_DATA SECTION_
———

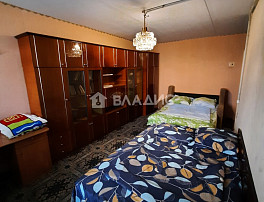 2-Комнатная квартира 42.80м²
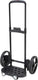 Reisenthel citycruiser rack boodschappentrolley - aluminium - zwart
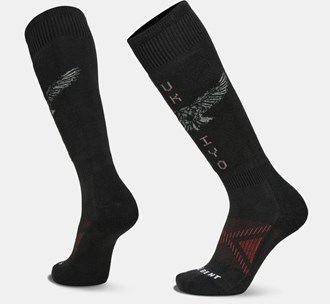 Kai Jones Pro Series Snow Sock - Full Cushion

———

Please transcribe the lines from the one containing "Reisenthel citycruiser rack" to the last line of the listing, both included, exactly and with nothing added, leaving every picture out.

_WRITTEN SOLUTION_
 Reisenthel citycruiser rack boodschappentrolley - aluminium - zwart
 Kai Jones Pro Series Snow Sock - Full Cushion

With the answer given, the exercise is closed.